Resolving Primitive-Sharing Ambiguity in Long-Tailed Industrial Point Cloud Segmentation via Spatial Context Constraints
Chao Yin, Qing Han, Zhiwei Hou, Yue Liu, Anjin Dai, Hongda Hu, Ji Yang, Wei Yao
TL;DR
This work addresses the dual crisis of extreme statistical imbalance and geometric ambiguity in industrial 3D point cloud segmentation, where tail classes sharing cylindrical primitives with head classes are frequently misclassified. It introduces two architecture-agnostic constraints, Boundary-CB and Density-CB, that extend the Class-Balanced loss by incorporating spatial context and neighborhood prediction consistency, enabling robust tail-class segmentation without harming head-class accuracy.
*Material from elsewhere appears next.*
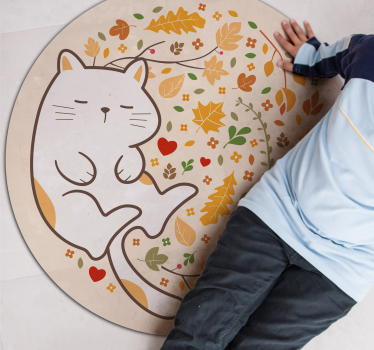 Höst katt illustration Andra Vinylmattor - Tenstickers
On Industrial3D, Boundary-CB achieves 55.74% mIoU and 29.59% tail mIoU, with notable gains for primitive-sharing components (e.g., Reducer 0% → 21.12% IoU; Valve +24.3% relative), demonstrating resolution of geometric ambiguity and a healthier head-tail balance (H-IoU up to 44.31%). The methods are plug-and-play, require no backbone changes, and yield practical benefits for Digital Twin pipelines by enabling reliable automated knowledge extraction of safety-critical components.
Abstract
Industrial point cloud segmentation for Digital Twin construction faces a persistent challenge: safety-critical components such as reducers and valves are systematically misclassified. These failures stem from two compounding factors: such components are rare in training data, yet they share identical local geometry with dominant structures like pipes. This work identifies a dual crisis unique to industrial 3D data extreme class imbalance 215:1 ratio compounded by geometric ambiguity where most tail classes share cylindrical primitives with head classes. Existing frequency-based re-weighting methods address statistical imbalance but cannot resolve geometric ambiguity. We propose spatial context constraints that leverage neighborhood prediction consistency to disambiguate locally similar structures. Our approach extends the Class-Balanced (CB) Loss framework with two architecture-agnostic mechanisms: (1) Boundary-CB, an entropy-based constraint that emphasizes ambiguous boundaries, and (2) Density-CB, a density-based constraint that compensates for scan-dependent variations. Both integrate as plug-and-play modules without network modifications, requiring only loss function replacement. On the Industrial3D dataset (610M points from water treatment facilities), our method achieves 55.74% mIoU with 21.7% relative improvement on tail-class performance (29.59% vs. 24.32% baseline) while preserving head-class accuracy (88.14%). Components with primitive-sharing ambiguity show dramatic gains: reducer improves from 0% to 21.12% IoU; valve improves by 24.3% relative. This resolves geometric ambiguity without the typical head-tail trade-off, enabling reliable identification of safety-critical components for automated knowledge extraction in Digital Twin applications.